- **WHAT TO DO**: Across the listing below, how many lines hold "Single"? Reply with the number by itself.

- **SOURCE INFORMATION**:
--

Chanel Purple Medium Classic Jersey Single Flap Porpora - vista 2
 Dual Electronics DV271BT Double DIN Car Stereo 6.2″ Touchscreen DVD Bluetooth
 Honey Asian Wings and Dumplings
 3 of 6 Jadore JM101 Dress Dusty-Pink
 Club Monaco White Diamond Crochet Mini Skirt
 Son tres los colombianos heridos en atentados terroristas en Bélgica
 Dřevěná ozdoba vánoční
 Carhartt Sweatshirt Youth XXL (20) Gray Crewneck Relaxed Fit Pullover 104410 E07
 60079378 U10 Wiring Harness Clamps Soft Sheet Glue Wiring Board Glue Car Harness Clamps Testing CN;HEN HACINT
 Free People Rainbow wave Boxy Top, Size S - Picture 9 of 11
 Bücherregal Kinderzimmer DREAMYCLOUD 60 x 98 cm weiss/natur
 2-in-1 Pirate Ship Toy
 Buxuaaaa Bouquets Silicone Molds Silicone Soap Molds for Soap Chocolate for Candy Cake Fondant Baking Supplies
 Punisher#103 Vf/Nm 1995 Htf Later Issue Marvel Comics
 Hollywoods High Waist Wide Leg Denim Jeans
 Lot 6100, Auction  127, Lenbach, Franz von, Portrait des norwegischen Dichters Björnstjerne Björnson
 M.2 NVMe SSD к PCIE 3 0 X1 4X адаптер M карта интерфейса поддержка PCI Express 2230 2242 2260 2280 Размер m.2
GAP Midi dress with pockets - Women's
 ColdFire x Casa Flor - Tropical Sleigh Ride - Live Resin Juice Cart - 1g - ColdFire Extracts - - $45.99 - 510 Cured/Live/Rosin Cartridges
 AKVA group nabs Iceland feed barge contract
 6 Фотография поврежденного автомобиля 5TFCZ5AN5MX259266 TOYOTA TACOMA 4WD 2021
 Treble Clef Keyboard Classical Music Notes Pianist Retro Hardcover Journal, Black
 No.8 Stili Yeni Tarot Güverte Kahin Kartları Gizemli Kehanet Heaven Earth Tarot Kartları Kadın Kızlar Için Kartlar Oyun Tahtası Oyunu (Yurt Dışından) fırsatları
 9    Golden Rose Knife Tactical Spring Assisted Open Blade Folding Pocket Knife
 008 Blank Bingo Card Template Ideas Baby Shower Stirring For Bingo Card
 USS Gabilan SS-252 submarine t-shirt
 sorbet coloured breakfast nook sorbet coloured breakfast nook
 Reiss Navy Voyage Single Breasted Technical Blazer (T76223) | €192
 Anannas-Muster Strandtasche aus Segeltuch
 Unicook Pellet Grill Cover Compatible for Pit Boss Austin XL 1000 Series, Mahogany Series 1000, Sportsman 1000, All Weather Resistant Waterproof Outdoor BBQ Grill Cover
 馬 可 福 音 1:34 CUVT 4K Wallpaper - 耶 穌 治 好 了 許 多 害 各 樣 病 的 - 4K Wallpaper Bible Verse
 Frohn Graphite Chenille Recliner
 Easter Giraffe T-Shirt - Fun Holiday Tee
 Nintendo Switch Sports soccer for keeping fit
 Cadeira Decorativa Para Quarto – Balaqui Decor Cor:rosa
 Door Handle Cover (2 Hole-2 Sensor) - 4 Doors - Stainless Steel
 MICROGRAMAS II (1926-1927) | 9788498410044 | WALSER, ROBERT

--

- **REPLY**: 2